Moving around piles of books on the floor, the dancers in “When Adonis Calls” (Asheville dancers Gavin Stewart and Alan Malpass) will dance the emotions that the two baritones (Trevor Martin and Joshua Jeremiah), portraying the poets, are projecting. “They (the dancers) emote what the poets are unable to,” Dillard said. “The two poets don’t meet until the last seconds of the (opera). They never touch, but the dancers do. They’re flirting with the poets, with each other, showing despair and all the emotional subtext.

“The romance in this is a metaphor. It’s less about them coming together emotionally then it is them coming together artistically. The (story) arch has them switch sides. The muse is pushy and seductive in the beginning, trying to turn on the older, tired poet. That switches, and the muse becomes shy and daunted while the poet finds himself again taking charge. The scrapping back and forth, the tension, is really about inspiration.”

This isn’t the first time Asheville Lyric Opera has performed work built upon Dillard’s poetry. In July 2017, vocalists scheduled to perform in the Asheville Lyric Opera’s production of “The Elixir of Love” in Asheville also appeared at a performance of “BARK!,” Dillard’s work, at the Masonic Temple.

“We were struck by all those beautiful words supported by all that beautiful music,” said Michael A. Ciavaglia, ALO’s music director designate. The ALO board decided to produce “When Adonis Calls” because “it’s not just a fantastic piece of art, but it’s also a fantastic piece of art by a really remarkable poet.”

Doing work by and with local artists is part of Asheville Lyric Opera’s mission, Ciavaglia said. The opera company often hires national and international singers, but it also hires local performers when it can.

“This is such an exciting thing for us, and for Gavin,” Ciavaglia said.
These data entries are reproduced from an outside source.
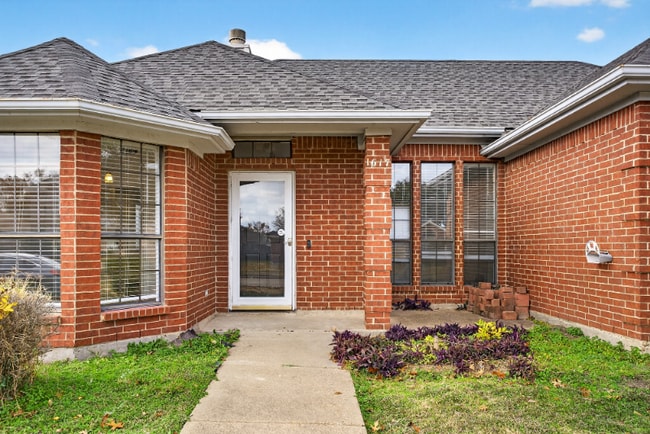 Photo - 1617 Briargrove Dr House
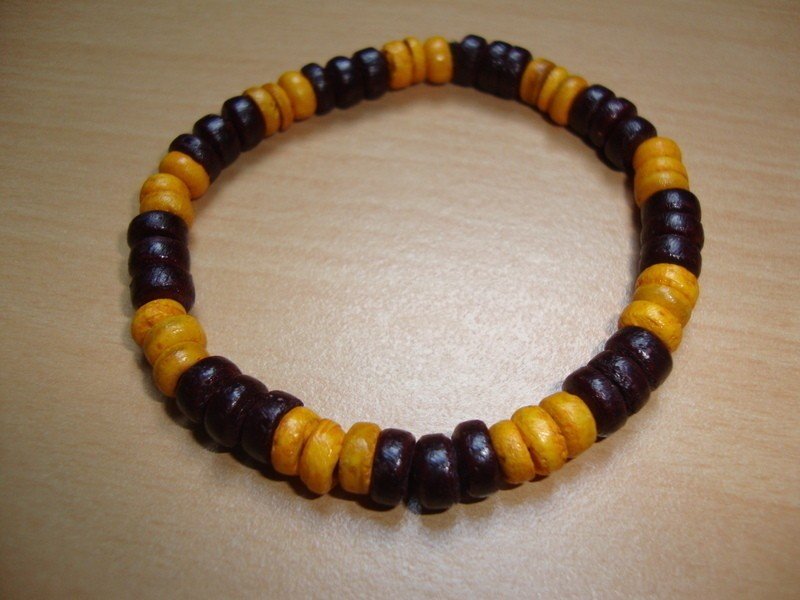 Orange dunkel rotes Holz Armband von Schmuckrausch Surfer Boho Ethno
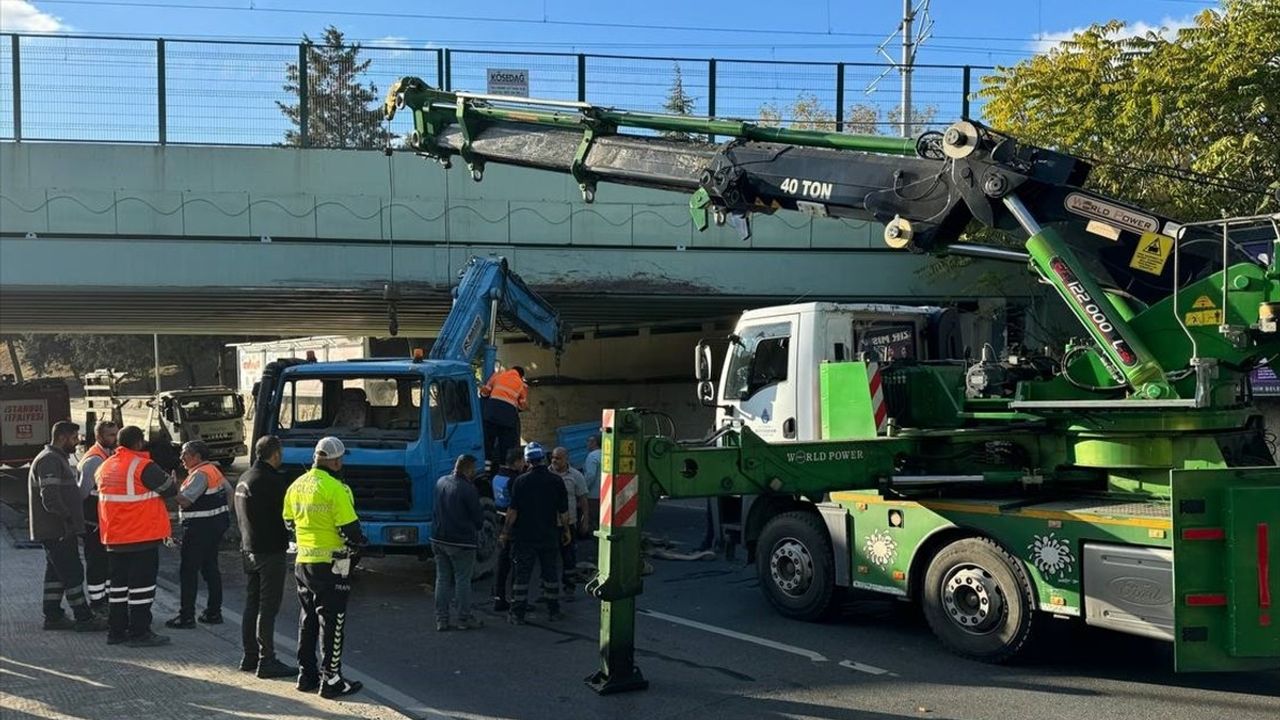 Bakırköy'de Üst Geçide Çarpan Vinç Devrildi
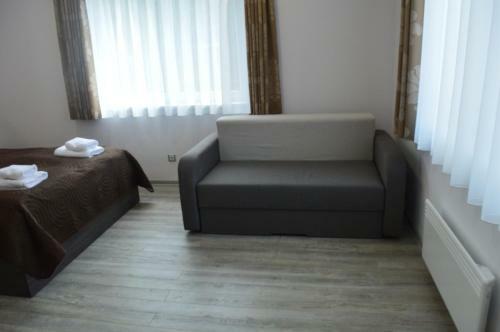 Hostal Cazare 77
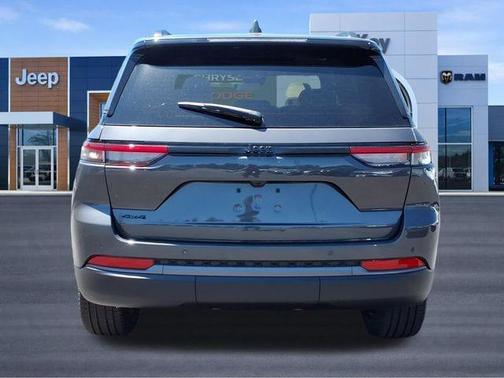 Baltic Gray Metallic Clearcoat 2026 Jeep Grand Cherokee Limited
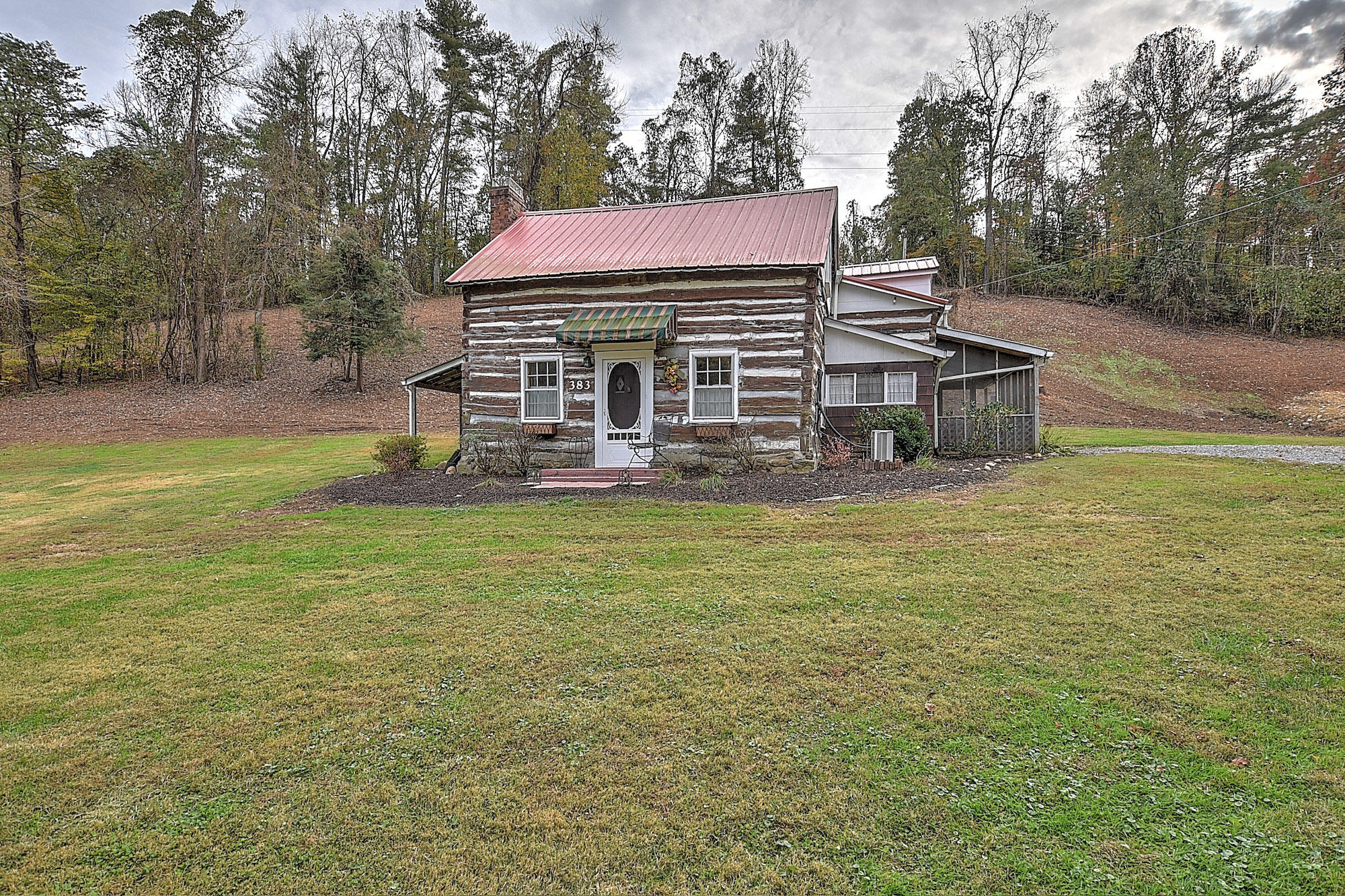 383 Tva Road South Bristol, TN 37620 - Photo 23 of 37 FRONT LARGE CABIN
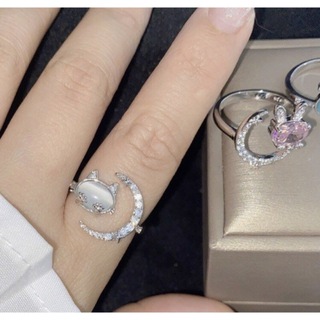 新品　猫と三日月リング　指輪　フリーサイズ　猫指輪　レディースアクセサリ　リング(リング(指輪))
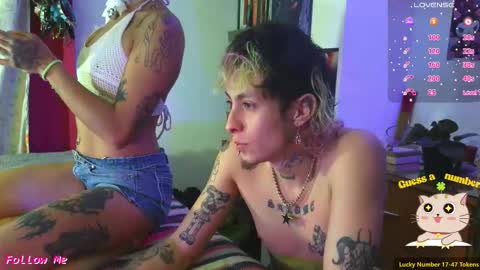 Snapshot of badeyes_crazylilgoat chatting on 11-04-25, 11:26 Dan Lila online show from 11-04-25, 11:26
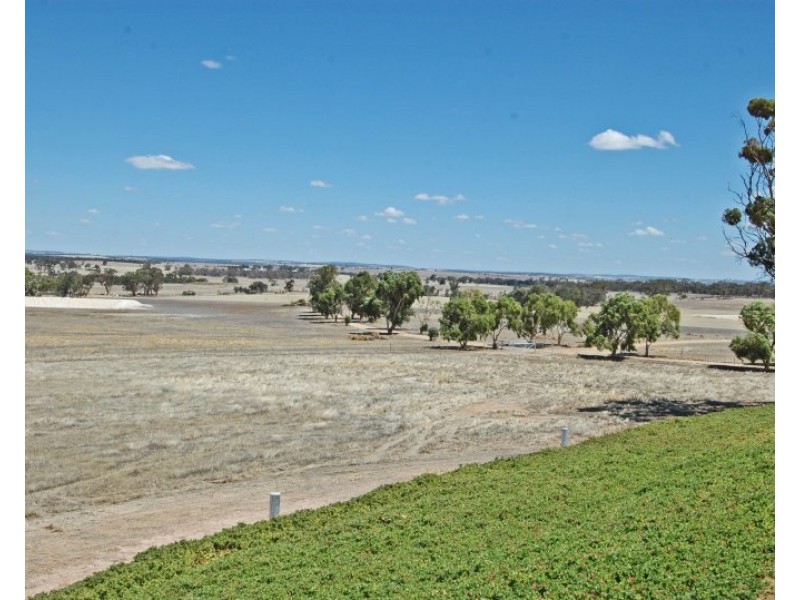 3729 West Dale Road, Beverley WA 6304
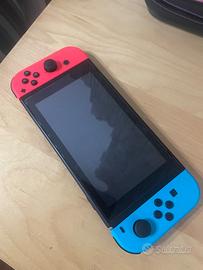Nintendo Switch completa di accessori + Pokémon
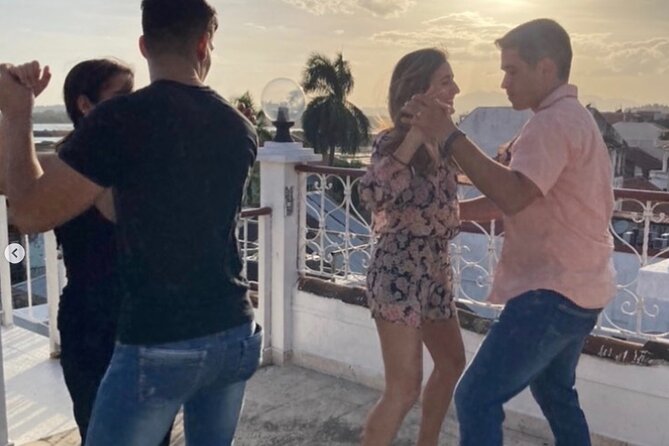 Breathtaking Rooftop Salsa Lesson and Choreography in Panama City - Location and Meeting Point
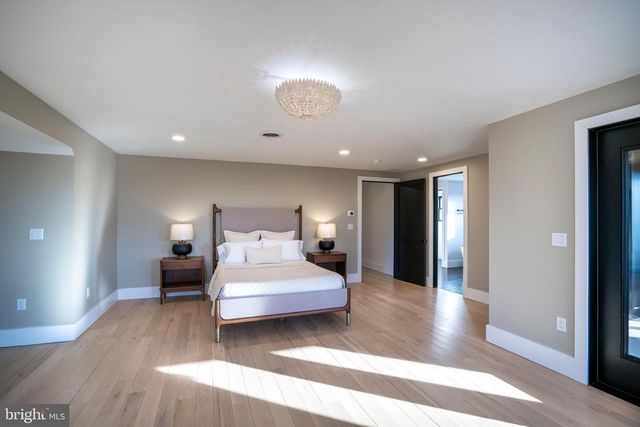 270 CLAREMONT AVE, State College, PA 16801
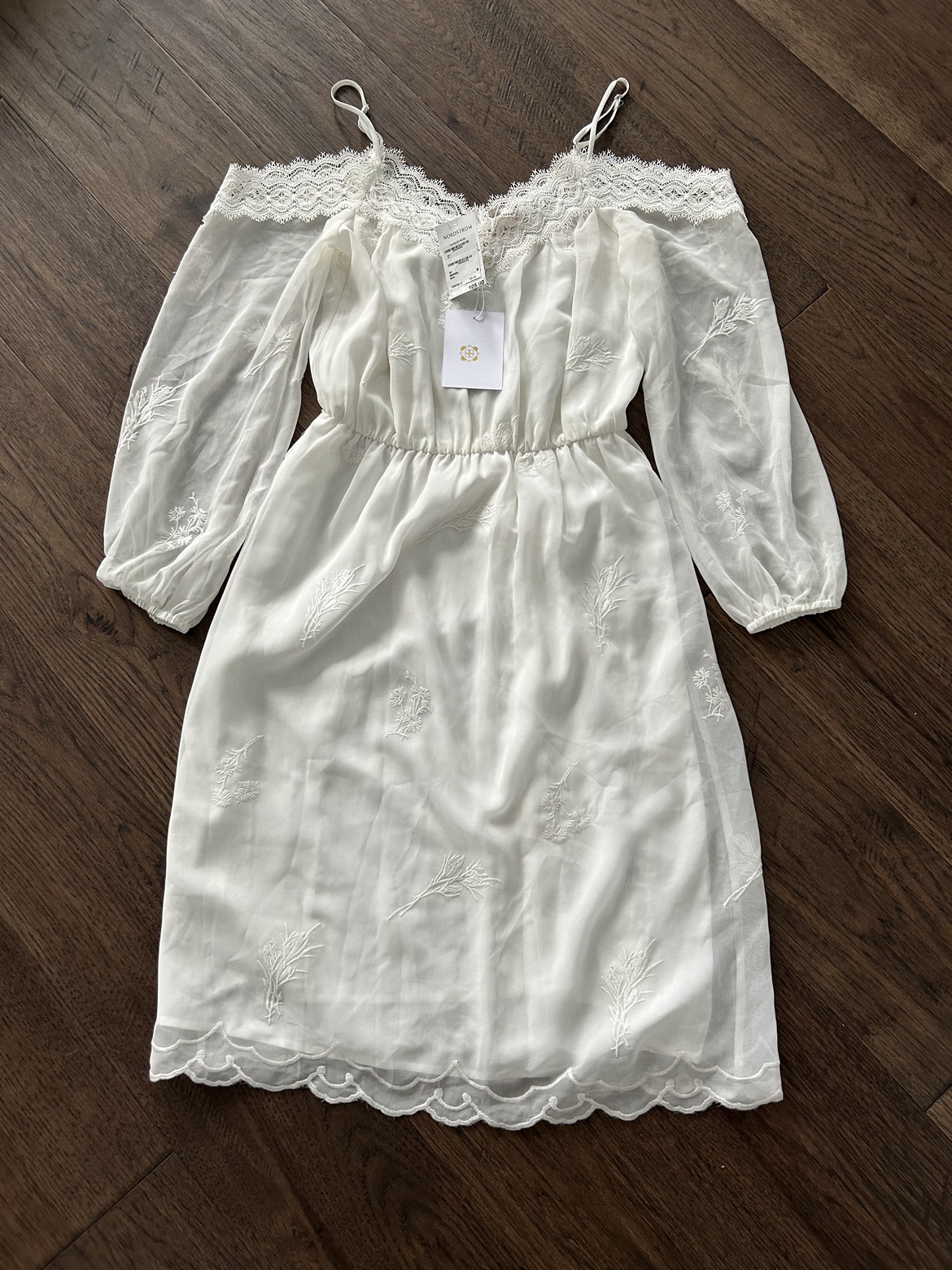 Brand New with Tag Stunning White Dress (size S)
“When Adonis Calls” is loosely based on the “subtext” of Dillard’s life, he said, but it’s not biographical. Dillard’s first book of poetry was published when he was 17. In San Francisco, he was known as the Naked Poet for his performances in the buff.

He has since penned songs, suites and cantatas with and for Jake Heggie, Peter Allen, Chanticleer, Disney, Anne Rice, Cantaria, and numerous classical composers. He has also written comedy and patter with and for Dolly Parton, Joan Rivers, Peggy Lee, Vincent Price and Lily Tomlin. His musical “BARK!” is scheduled to play in August at the Edinburgh, Scotland Fringe Festival (the Asheville Community Theatre produced “BARK!” as well).

The poster for “When Adonis Calls” shows a discreetly shielded man, naked and sprawled on piles of books. “There are those that would say this is a gay opera, but it’s simply an opera with men,” Dillard said. “Would we call every other opera a ‘straight’ opera?”

As far as any possible nudity, “you have to show up to find out,” he said. “I will say that the piece is evocative.”